The US government allowed the cap stemming the flow of oil in the Gulf of Mexico to remain closed on Monday for another day.
US disaster response commander Admiral Thad Allen said seepage and other anomalies had been found close to the blown-out well but none consequential enough to stop the well integrity test, now in its fifth day.
"We have agreed that we will go forward with another 24-hour period," he said.
Despite his optimism, AFP reports, Admiral Allen ordered BP to produce a "detailed timeline" by the end of Monday for restarting operations to contain the oil with a fleet of surface vessels if the cap had to be opened again.
The announcement last Thursday that BP had stopped the oil flow completely for the first time since April raised hope along the Gulf Coast that a three-month nightmare may soon be over.
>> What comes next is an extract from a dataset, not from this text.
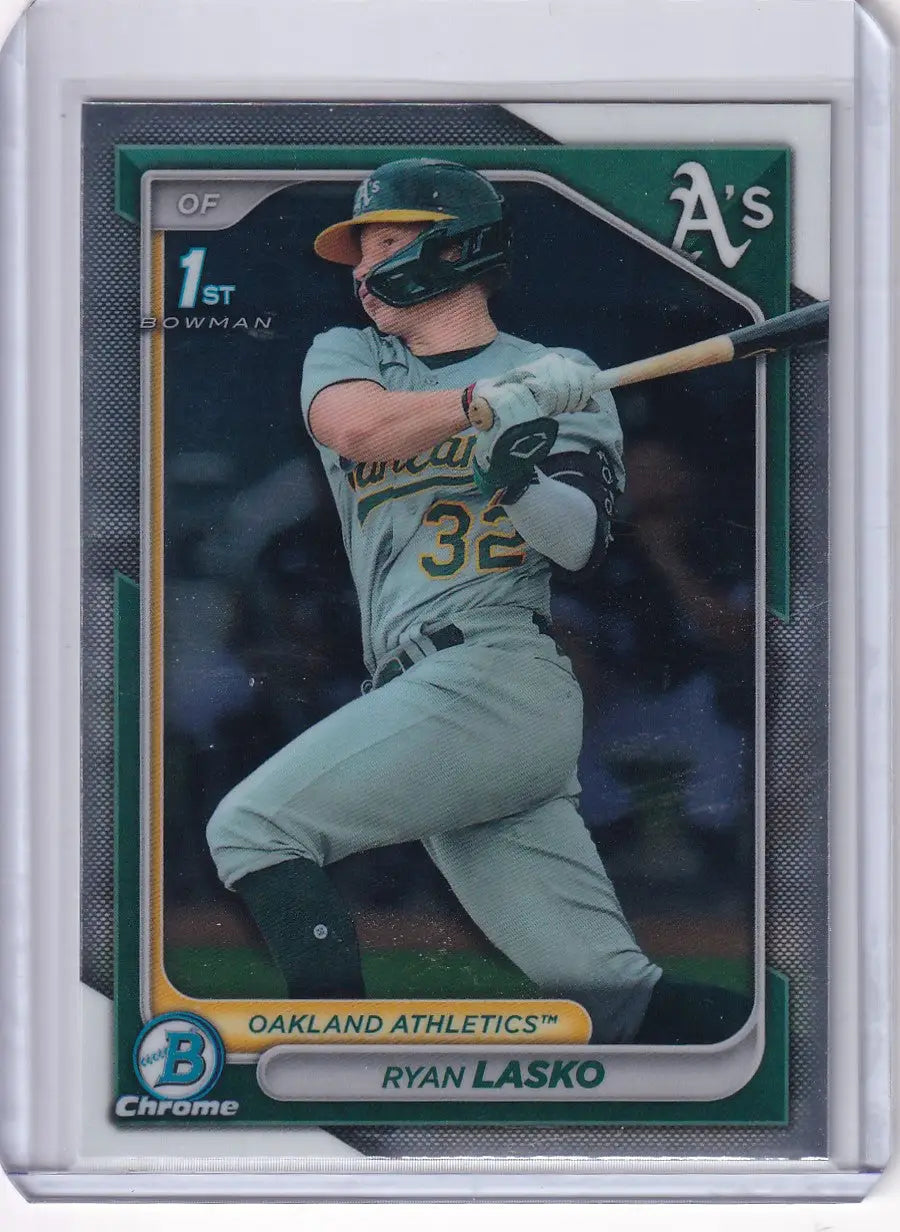 Baseball card of Ryan Lasko in batting stance for Oakland Athletics Bowman Baseball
'Static kill' idea floated
Measuring devices on BP's cap have given steadily increasing high-pressure readings, which would indicate there are no major leaks in the well bore that stretches an astonishing four kilometres below the seabed.
Both Admiral Allen and BP are floating the idea of a new operation to plug the well called the "static kill" - very much like the "top kill" operation that failed almost two months ago.
BP says the idea would be to send down heavy drilling mud through the giant blowout preventer valve that sits on top on of the well and then inject cement to seal it.